Notice the use of stat=“identity” if the data is already in the form of a table.

Numerical Summaries

round(mean(upr$Freshmen.GPA), 3)
## [1] NA

we get an error because there are missing values, so

round(mean(upr$Freshmen.GPA, na.rm=TRUE), 3)
## [1] 2.733
round(median(upr$Freshmen.GPA, na.rm=TRUE), 3)
## [1] 2.83
round(sd(upr$Freshmen.GPA, na.rm=TRUE), 3)
## [1] 0.779
round(quantile(upr$Freshmen.GPA, 
               probs = c(0.1, 0.25, 0.75, 0.9),
               na.rm=TRUE), 3)
##  10%  25%  75%  90% 
## 1.71 2.32 3.28 3.65

Histogram and Boxplot

bw <- diff(range(upr$Freshmen.GPA, na.rm = TRUE))/50 # use about 50 bins
ggplot(upr, aes(Freshmen.GPA)) +
  geom_histogram(color = "black", 
                 fill = "white", 
                 binwidth = bw) + 
  labs(x = "Freshmen GPA", y = "Counts")

ggplot(upr, aes(x="", y=Freshmen.GPA)) + 
  geom_boxplot() + 
  xlab("")

ggplot(upr, aes(factor(Year), Freshmen.GPA)) + 
  geom_boxplot() +
  xlab("Year")

Two Quantitative Variables

round(cor(upr$Year, upr$Freshmen.GPA, 
    use="complete.obs"), 3)
## [1] 0.097
ggplot(upr, aes(Year, Freshmen.GPA)) + 
  geom_point() +
  scale_x_continuous(breaks = 2003:2013) +
  labs(x="Year", y="GPA after Freshmen Year")

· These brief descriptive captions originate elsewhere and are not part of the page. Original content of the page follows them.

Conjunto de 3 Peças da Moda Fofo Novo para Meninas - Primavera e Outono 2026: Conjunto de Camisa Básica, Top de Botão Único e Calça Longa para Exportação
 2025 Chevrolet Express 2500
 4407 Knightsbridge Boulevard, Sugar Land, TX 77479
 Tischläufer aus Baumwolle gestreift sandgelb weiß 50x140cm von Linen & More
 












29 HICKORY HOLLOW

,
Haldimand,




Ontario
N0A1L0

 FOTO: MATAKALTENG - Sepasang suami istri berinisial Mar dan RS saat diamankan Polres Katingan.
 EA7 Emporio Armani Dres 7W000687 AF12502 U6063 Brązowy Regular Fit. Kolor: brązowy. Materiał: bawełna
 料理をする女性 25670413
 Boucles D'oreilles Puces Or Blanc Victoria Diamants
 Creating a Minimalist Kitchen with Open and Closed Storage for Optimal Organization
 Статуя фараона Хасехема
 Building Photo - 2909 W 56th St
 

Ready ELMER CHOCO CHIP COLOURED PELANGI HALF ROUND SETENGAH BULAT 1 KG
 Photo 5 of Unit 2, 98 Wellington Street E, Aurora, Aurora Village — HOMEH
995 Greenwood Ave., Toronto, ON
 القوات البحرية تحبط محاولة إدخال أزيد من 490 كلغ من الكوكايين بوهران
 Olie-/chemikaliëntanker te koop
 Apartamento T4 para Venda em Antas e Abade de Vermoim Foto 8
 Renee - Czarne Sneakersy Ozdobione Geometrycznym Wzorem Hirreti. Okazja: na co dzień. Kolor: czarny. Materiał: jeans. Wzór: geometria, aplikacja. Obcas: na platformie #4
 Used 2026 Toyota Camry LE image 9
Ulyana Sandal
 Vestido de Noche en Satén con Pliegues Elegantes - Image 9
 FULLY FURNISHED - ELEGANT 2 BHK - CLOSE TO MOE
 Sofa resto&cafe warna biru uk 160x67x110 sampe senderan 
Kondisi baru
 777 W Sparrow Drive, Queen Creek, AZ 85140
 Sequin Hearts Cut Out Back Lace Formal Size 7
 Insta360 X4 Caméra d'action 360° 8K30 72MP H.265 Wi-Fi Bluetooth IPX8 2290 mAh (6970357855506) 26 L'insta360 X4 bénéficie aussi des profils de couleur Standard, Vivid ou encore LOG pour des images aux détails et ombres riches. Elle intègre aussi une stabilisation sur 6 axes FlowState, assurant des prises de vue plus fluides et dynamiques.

this is not so good because we cant see many of the dots. Here is a better solution:

ggplot(upr, aes(Year, Freshmen.GPA)) + 
  geom_jitter(shape=".", width=0.1, height = 0) +
  scale_x_continuous(breaks = 2003:2013) +
  labs(x="Year", y="GPA after Freshmen Year")

Normal Probability Plot

An important graph is the normal probability plot, which plots the sample quantiles vs the population quantiles of a normal distribution:

x <- rnorm(20)
df <- data.frame(x)
ggplot(data=df, aes(sample=x)) +
   geom_qq() + geom_qq_line()       

Here an example where the normal assumption fails:

x <- rexp(20)
df <- data.frame(x=x)
ggplot(data=df, aes(sample=x)) +
   geom_qq() + geom_qq_line()